Maritime Activity Reports, Inc.

May 23, 2015

Bill Walker photo Wikipedia

Bill Walker photo Wikipedia

 

Alaska's lone road to North Slope oil field operations remains closed for the third time in two months while emergency crews continue to redirect flooding from an adjacent river, state officials said on Friday.

Alaska Governor Bill Walker's office said he would sign a second disaster proclamation while in Deadhorse, the base of operations for several oilfields, after a three-day tour of drill sites that included a fly-over of the flooded area.

Production and pipeline operations have not been affected by the closure, said BP Plc spokeswoman Dawn Patience, operator for the Prudhoe Bay field.

A 10-mile stretch of the Dalton Highway leading into Deadhorse shut down early on Monday morning and state transportation officials had hoped to re-open the roadway on Friday.

The Dalton Highway starts north of Fairbanks near Livengood, and receives heavy commercial truck traffic year round, but also a growing demand from tour companies during the summer.

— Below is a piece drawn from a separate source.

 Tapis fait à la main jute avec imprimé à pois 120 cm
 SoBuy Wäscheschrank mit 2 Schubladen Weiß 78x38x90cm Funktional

High waters from the Sagavanirktok River, however, prevailed and delayed the opening into next week, state transportation department spokeswoman Meadow Bailey said.

"Right now we can't make any predictions on re-opening," Bailey said.

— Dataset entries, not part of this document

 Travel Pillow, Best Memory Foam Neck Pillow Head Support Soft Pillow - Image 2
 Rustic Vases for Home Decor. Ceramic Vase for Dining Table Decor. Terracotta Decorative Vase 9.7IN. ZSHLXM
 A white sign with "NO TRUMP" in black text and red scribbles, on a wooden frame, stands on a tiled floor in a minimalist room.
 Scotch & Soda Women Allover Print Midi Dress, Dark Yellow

Of the 414 miles (666 km), nearly 80 miles now remain closed, she said.

Since Monday's closure, Bailey said water traveled farther north encroaching various camps and the Deadhorse Airport.

There were additional washouts farther south, prompting officials to extend the closure, Bailey said.

The series of shutdowns began March 30 for three days and again April 5 for another 10 days before commercial and private vehicles could use the road.

There are "serious logistical problems facing many businesses and private contractors" in the area, Walker's office said.

Causes for the closures date to last summer's heavy rains that underwent extensive freezing over the winter with sheets of ice trapping water and causing spring floods.

Crews made up of state and contract workers designed a trench system that drained water away from the road and into another waterway.

But the rapid spring thaw driven by unseasonably high temperatures created additional flooding, prompting another closure.